- Bourg Location of Bourg in Louisiana
- Coordinates: 29°33′13″N 90°36′08″W﻿ / ﻿29.55361°N 90.60222°W
- Country: United States
- State: Louisiana
- Parish: Terrebonne

Area
- • Total: 5.74 sq mi (14.87 km^{2})
- • Land: 5.64 sq mi (14.62 km^{2})
- • Water: 0.093 sq mi (0.24 km^{2})
- Elevation: 7 ft (2.1 m)

Population (2020)
- • Total: 2,375
- • Density: 420.7/sq mi (162.43/km^{2})
- Time zone: UTC-6 (CST)
- • Summer (DST): UTC-5 (CDT)
- ZIP code: 70343
- Area code: 985
- FIPS code: 22-09095

= Bourg, Louisiana =

Bourg is a census-designated place in Terrebonne Parish, Louisiana, United States. As of the 2020 census, Bourg had a population of 2,375. It is part of the Houma-Bayou Cane-Thibodaux Metropolitan Statistical Area.
==Demographics==

Bourg first appeared as a census designated place in the 2010 U.S. census. '

Historical population
| Census | Pop. | Note | %± |
| 2010 | 2,579 |  | — |
| 2020 | 2,375 |  | −7.9% |
U.S. Decennial Census

==Government and infrastructure==
The United States Postal Service operates the Bourg Post Office within the Presquille CDP.

==Education==
Terrebonne Parish School District operates public schools in the entire parish. Schools with Bourg addresses include Bourg Elementary School (PK-4) and South Terrebonne High School (9–12).

Terrebonne Parish Library System formerly operated the Bourg Branch.
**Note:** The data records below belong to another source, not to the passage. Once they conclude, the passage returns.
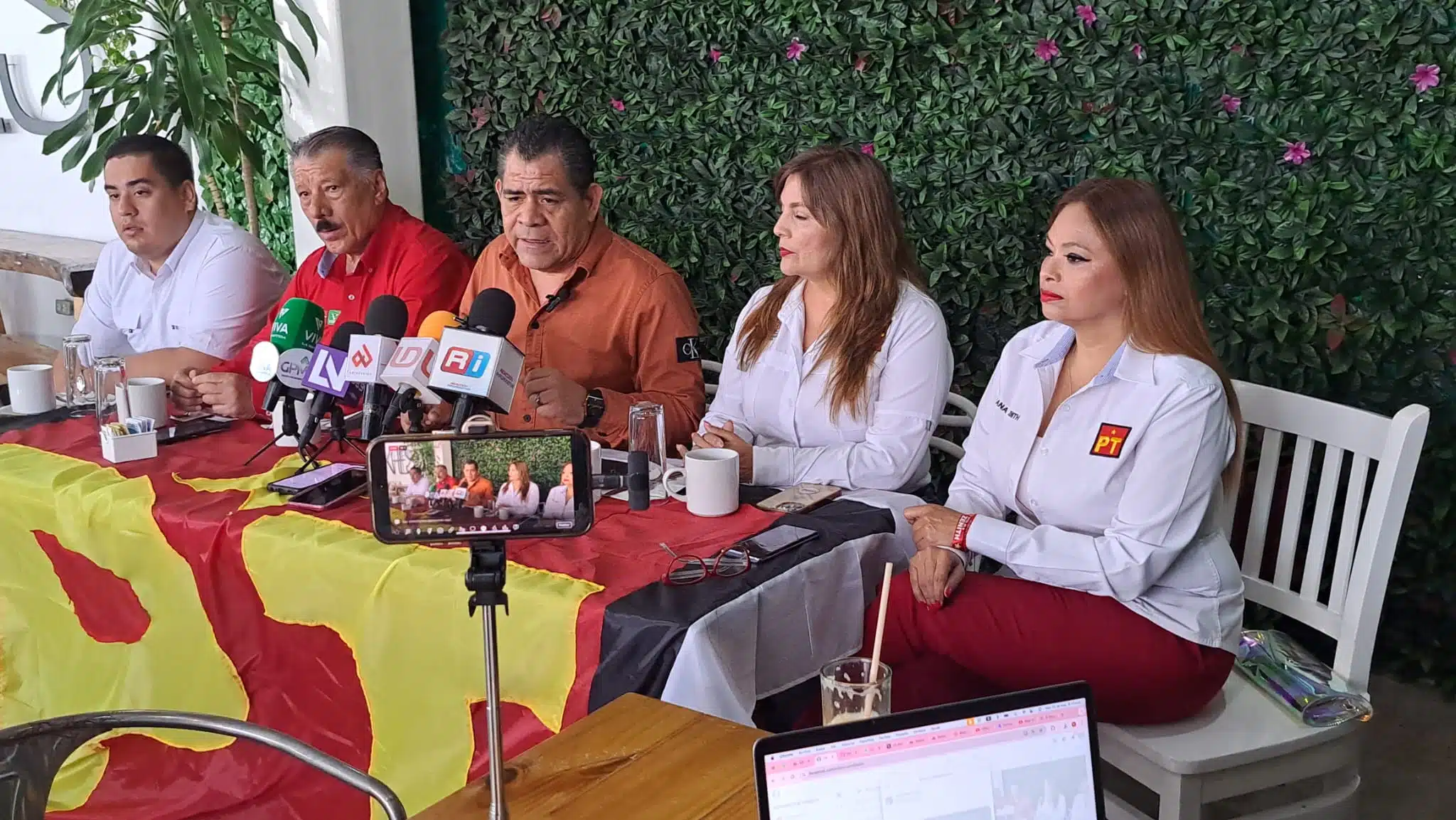 Candidatos del Partido del Trabajo en conferencia de prensa en Culiacán
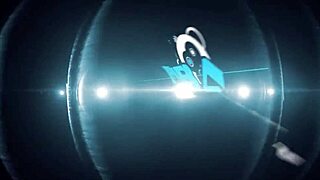 Watch Hot Daisy fuck herself with a cucumber?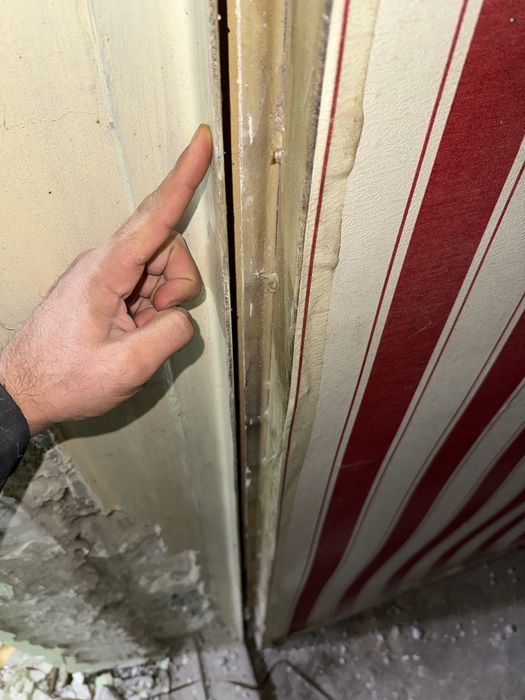 Temir eshik qalin sotiladi 400.000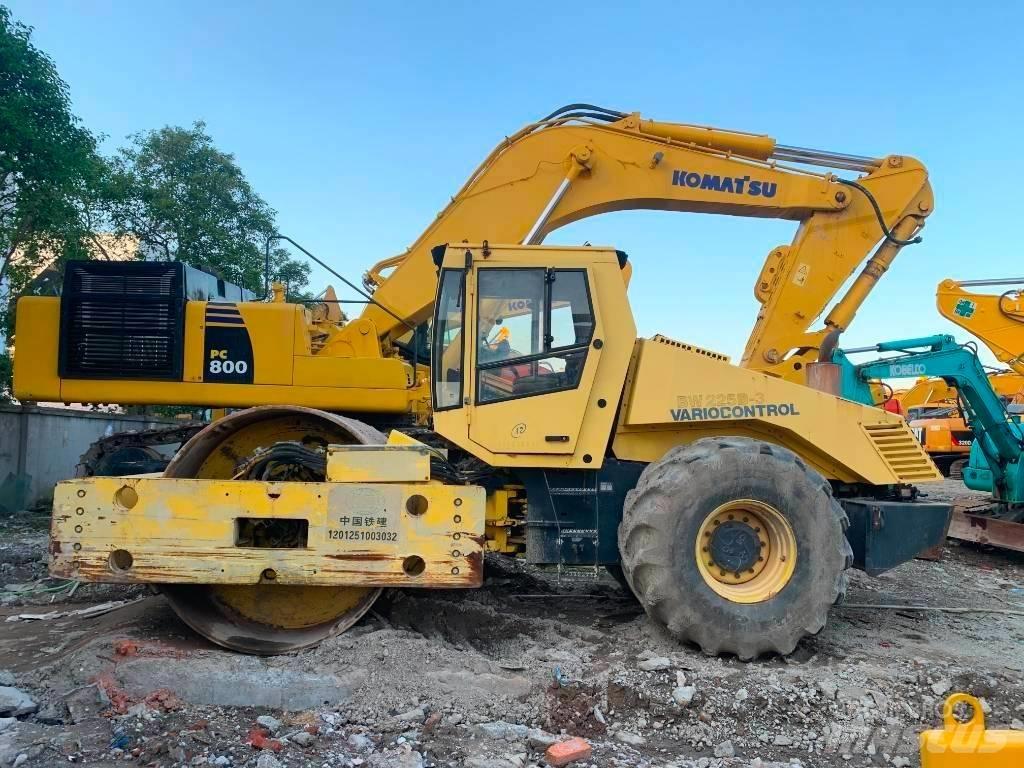 Bomag BW 225 D-3 雙輪滾壓機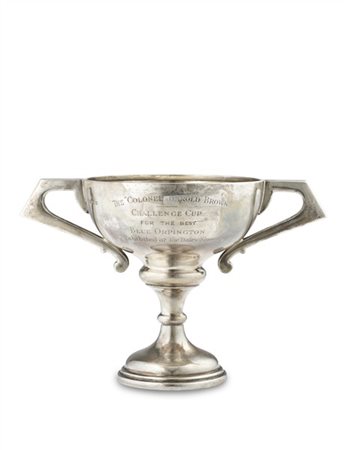 Coppa biansata in argento "The Colonel Harold Brown Challenge Cup for the best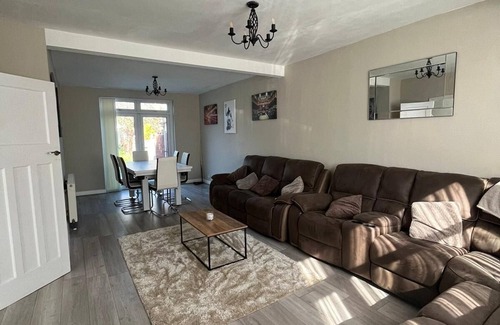 Redbridge House | Good sized family home awaits for you to enjoy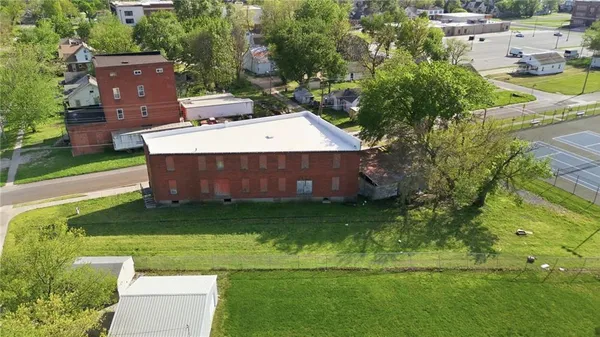 $175,000 | 512 East Monroe Street, Iola, KS 66749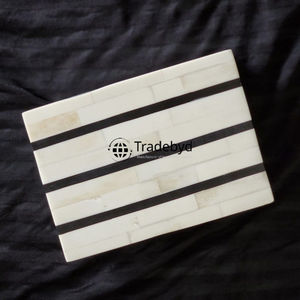 Boîte de rangement pour bijoux en os et incrustations de vadrouille par Tradebyd - Product Image 2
Due to damage from Hurricane Ida, the library permanently closed. Another library was to be built in an area near Bourg.

The initial location of the non-district public school École Pointe-au-Chien was to be in the Vision Christian Center in Bourg.

==WMA==
Access to the Pointe-aux-Chenes Wildlife Management Area (WMA) can be made through Bourg, LA 24, and down LA 55 or LA 665.